Home > Knowledge > Content
Failure Forms and Design Constraints of SKF Imported Bearing
Jan 21, 2019

The common failure modes of SKF imported bearings are as follows:

1. Fatigue pitting

Practice has proved that most bearings with proper lubrication and sealing, installation and maintenance conditions are normal, because the rolling bodies roll along the ring, there are varying contact stresses in the surface of the contacting objects. After a certain number of cycles, this stress will lead to micro-cracks in the lower surface. The micro-cracks are extruded by the lubricating oil infiltrated into them and cause pitting corrosion.

2. Plastic Deformation

Under the action of excessive static load and impact load, uneven plastic deformation pits appear on the rolling body or raceway of ring. This often happens in bearings with very low rotational speed or swing.

3. Abrasive Wear and Adhesive Wear

SKF imported bearings are prone to abrasive wear when working under unreliable seal and dusty operation conditions. Usually there is sliding friction between the rolling body and the ring, especially between the rolling body and the cage. If the lubrication is not good and the heating is serious, it may temper the rolling body, or even cause bonding wear. The higher the speed, the worse the wear.

In addition, due to abnormal installation, disassembly and operation will also cause damage to bearing components such as rupture, which should be avoided.

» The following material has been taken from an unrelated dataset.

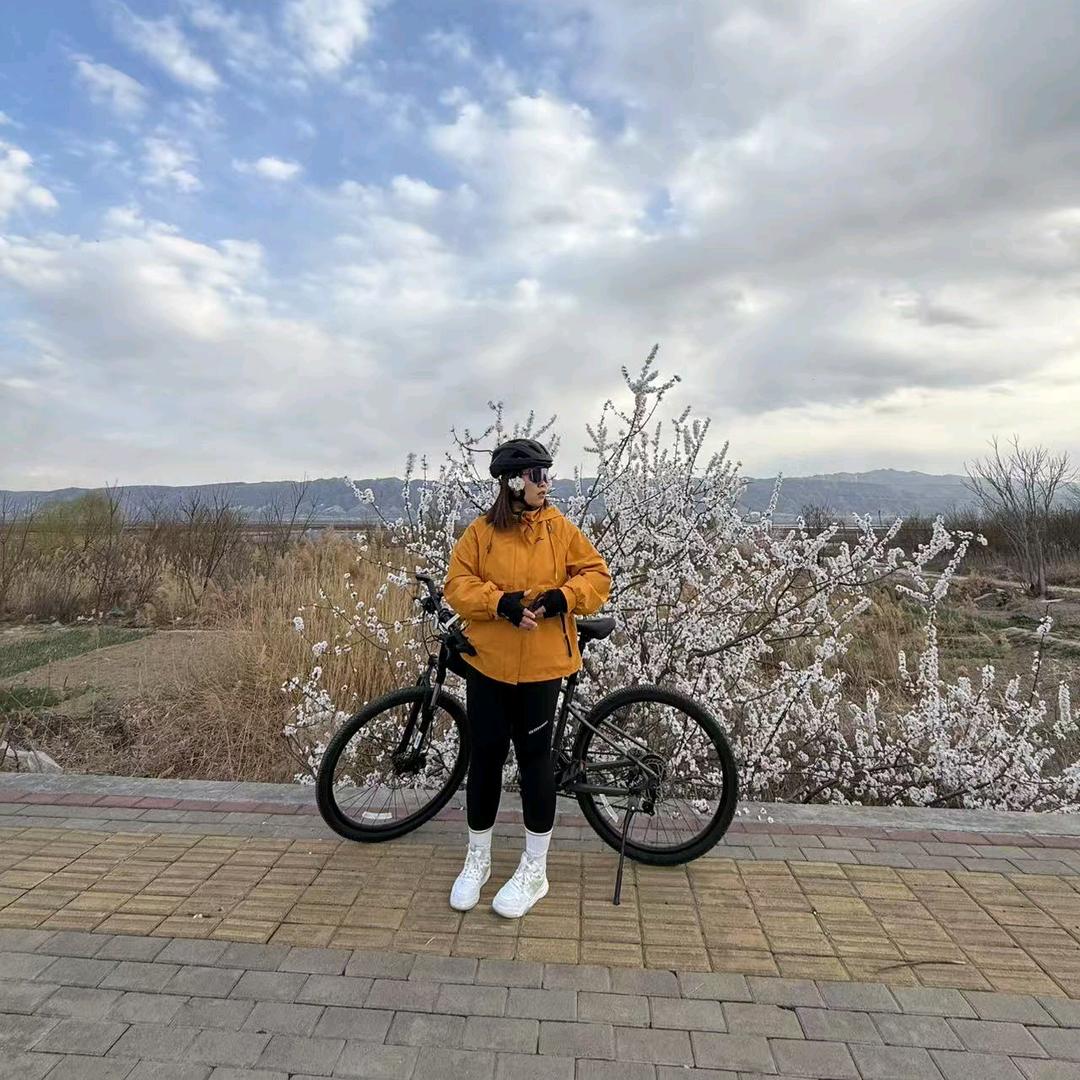 @橘子🍊（亚妮）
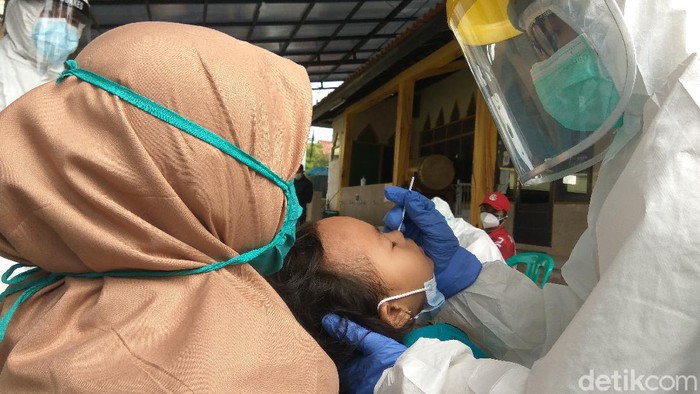 Warga Kontak Erat Klaster Ziarah di Bandung Barat Jalani Rapid Antigen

The main design constraints to be met during verification are to avoid bearing failure, so as to ensure that the bearings can work normally within the prescribed time limit. Generally, the main failure modes of bearings are different under different working conditions. For bearings running at medium speed, the main failure mode is fatigue pitting corrosion. Design constraints are to ensure that bearings have sufficient fatigue life and should be checked and calculated according to fatigue life. For high-speed bearings, excessive wear and burns often occur due to high heating. Design constraints should not only ensure that bearings have sufficient fatigue life, but also limit their rotational speed to no more than the limit value, that is to say, in addition to high-speed bearings. In addition to life calculation, the limit speed of bearings must be checked. For bearings with no rotation or very low rotation speed, the main failure mode is to produce excessive plastic deformation. Design constraints are to prevent excessive plastic deformation, which requires static strength checking calculation.

In addition, the design of the bearing combination structure is reasonable, to ensure adequate lubrication and reliable sealing, which is very important to improve the life of bearings and ensure normal work.